(Bloomberg) -- The credit quality of smaller companies whose loans are packaged into collateralized loan obligations deteriorated through the second half of last year, the latest sign of the toll that higher interest rates are taking on a market that investors have poured money into.  

Between the second half of 2022 and 2023 Moody’s Ratings downgraded about one quarter of the loans bundled into securities known as middle market collateralized loan obligations, according to a report on Wednesday by the ratings company. Moody’s strengthened its estimates of credit quality on only around 5% of the loans over that period, leaving the rest unchanged, according to the report, which is based on CLOs the firm grades.

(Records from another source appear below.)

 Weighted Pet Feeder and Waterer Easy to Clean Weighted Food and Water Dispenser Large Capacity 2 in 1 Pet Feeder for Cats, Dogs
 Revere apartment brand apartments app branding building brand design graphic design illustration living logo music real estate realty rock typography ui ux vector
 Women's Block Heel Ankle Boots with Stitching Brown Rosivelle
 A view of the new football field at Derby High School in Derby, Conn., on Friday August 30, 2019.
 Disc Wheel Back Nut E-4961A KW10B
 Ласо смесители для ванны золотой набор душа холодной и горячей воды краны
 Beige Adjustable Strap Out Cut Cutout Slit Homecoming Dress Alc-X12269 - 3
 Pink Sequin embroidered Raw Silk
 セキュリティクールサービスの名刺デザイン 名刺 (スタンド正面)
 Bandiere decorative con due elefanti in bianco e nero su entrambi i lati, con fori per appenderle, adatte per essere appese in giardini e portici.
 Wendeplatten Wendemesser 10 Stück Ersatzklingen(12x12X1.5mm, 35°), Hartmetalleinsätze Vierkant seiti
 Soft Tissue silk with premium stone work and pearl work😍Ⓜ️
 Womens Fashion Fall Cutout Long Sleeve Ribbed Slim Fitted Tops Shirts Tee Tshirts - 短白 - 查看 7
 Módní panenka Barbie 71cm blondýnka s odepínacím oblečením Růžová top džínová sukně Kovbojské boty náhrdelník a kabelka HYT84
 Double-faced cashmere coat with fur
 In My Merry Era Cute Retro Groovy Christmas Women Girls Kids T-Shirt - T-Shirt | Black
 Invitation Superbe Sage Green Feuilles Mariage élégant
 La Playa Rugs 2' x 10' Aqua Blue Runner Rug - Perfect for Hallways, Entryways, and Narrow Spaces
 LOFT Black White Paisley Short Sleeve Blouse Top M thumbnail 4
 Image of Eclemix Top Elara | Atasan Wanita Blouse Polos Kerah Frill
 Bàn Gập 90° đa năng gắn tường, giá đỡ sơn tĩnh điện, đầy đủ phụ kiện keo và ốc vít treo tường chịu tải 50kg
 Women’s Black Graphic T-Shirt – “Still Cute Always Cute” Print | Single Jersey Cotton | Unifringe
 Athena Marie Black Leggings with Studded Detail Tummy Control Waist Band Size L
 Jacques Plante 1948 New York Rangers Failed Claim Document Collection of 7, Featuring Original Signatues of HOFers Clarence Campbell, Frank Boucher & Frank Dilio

So far, the bonds that are backed by these loans haven’t experienced too much stress themselves, the report said. Even so, interest rates that remain elevated longer will likely pose a challenge, with more than one in five of the corporate borrowers potentially set to struggle to secure external financing when it comes time to refinance or raise new debt, Moody’s said in the report.

The report offers a window into a relatively opaque part of the credit market. Middle market firms – those with less than $200 million in earnings before interest, taxes, depreciation and amortization, generally – frequently don’t get official credit ratings when they raise funds. But when that debt is packaged up into CLOs, which do receive ratings, a rating company examines and assigns “credit estimates” to the underlying loans in order to understand the quality of the collateral.   

Middle market companies increasingly turned to private credit lenders after banks scaled back from financing them after the 2008 financial crisis. Lenders are increasingly bundling this debt into CLOs alongside larger direct loans, and there’s been a push among some issuers to rebrand middle market CLOs as private credit CLOs. 

In a recent review of its own credit estimates on loans in private credit CLOs, S&P Global Ratings said that in the third quarter of 2023 it downgraded more than four times as many estimates as it had raised.